Après plusieurs semaines de manifestations, la grève du 10 mars a bien montré toute la profondeur du mouvement. Elle a touché les transports, l’enseignement, mais aussi le secteur pétrolier, vital pour l’économie algérienne. La mobilisation a aussi brisé l’apparente unité du régime et de ses partisans déclarés. Dès le 5 mars, l’association des anciens combattants de la guerre d’indépendance a annoncé qu’elle passait dans l’opposition.

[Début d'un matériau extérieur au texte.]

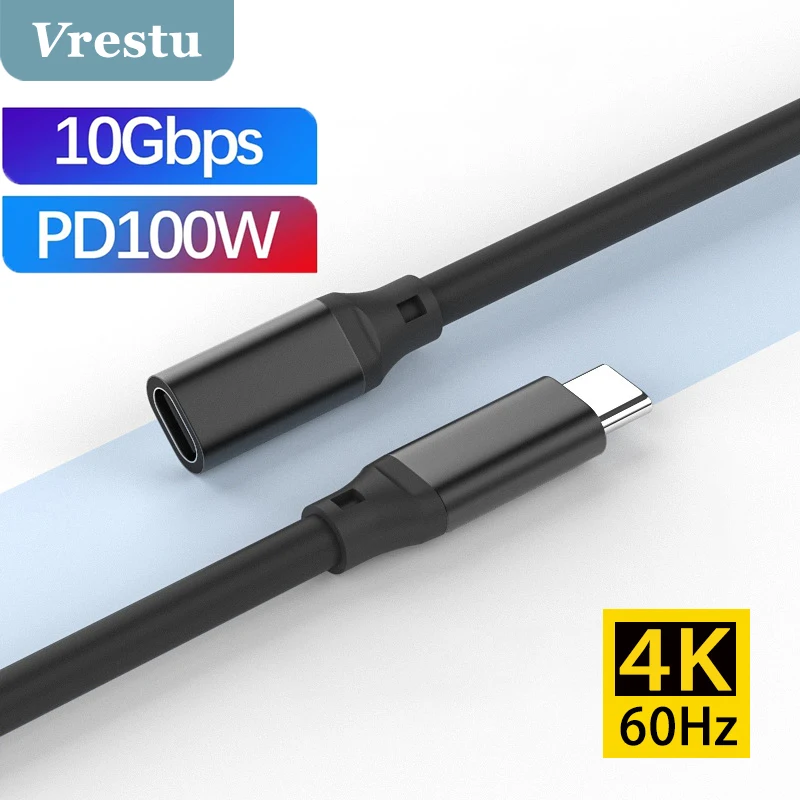 Удлинитель PD 100 Вт Type-C Папа-мама 5 А зарядный шнур провод удлинитель для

Des juges ont déclaré qu’ils ne valideraient pas une élection à laquelle Bouteflika serait candidat. Des Imams ont refusé de prendre la parole pour soutenir le gouvernement. Dans certaines villes, on a assisté à des scènes de fraternisation entre des policiers et des manifestants. A ce stade, les généraux ne peuvent pas recourir à la force : si l’armée était mobilisée pour écraser le mouvement, ses rangs se diviseraient suivant une ligne de classe. Autrement dit, l’appareil d’Etat serait en miettes, ce que le régime veut à tout prix éviter.

L’Algérie et le « printemps arabe »

Pour obtenir un premier recul du régime, le facteur décisif a été l’entrée en action de la classe ouvrière, sous la forme d’une grève générale. En Tunisie et en Egypte, en 2011, ce sont aussi des grèves générales qui ont contraint les dictateurs à abandonner le pouvoir. Les bourgeoisies de ces deux pays étaient alors terrifiées à l’idée que ces révolutions renversent non seulement les vieux gouvernements corrompus, mais tout l’édifice pourrissant des capitalismes égyptien et tunisien.

On entend souvent que l’Algérie aurait échappé, comme par magie, à la vague du « printemps arabe » de 2010-2011. Mais, en réalité, l’Algérie a été l’un des premiers pays arabes à entrer en mouvement à la fin de 2010. Des milliers de jeunes sont alors descendus dans les rues pour protester contre leurs conditions de vie misérables. Mais le régime avait réussi à regagner le contrôle de la situation en s’appuyant sur l’autorité qu’il conservait dans certaines couches de la population, en agitant le souvenir des années terribles de la guerre civile des années 1990 – et, surtout, en faisant d’importantes concessions économiques.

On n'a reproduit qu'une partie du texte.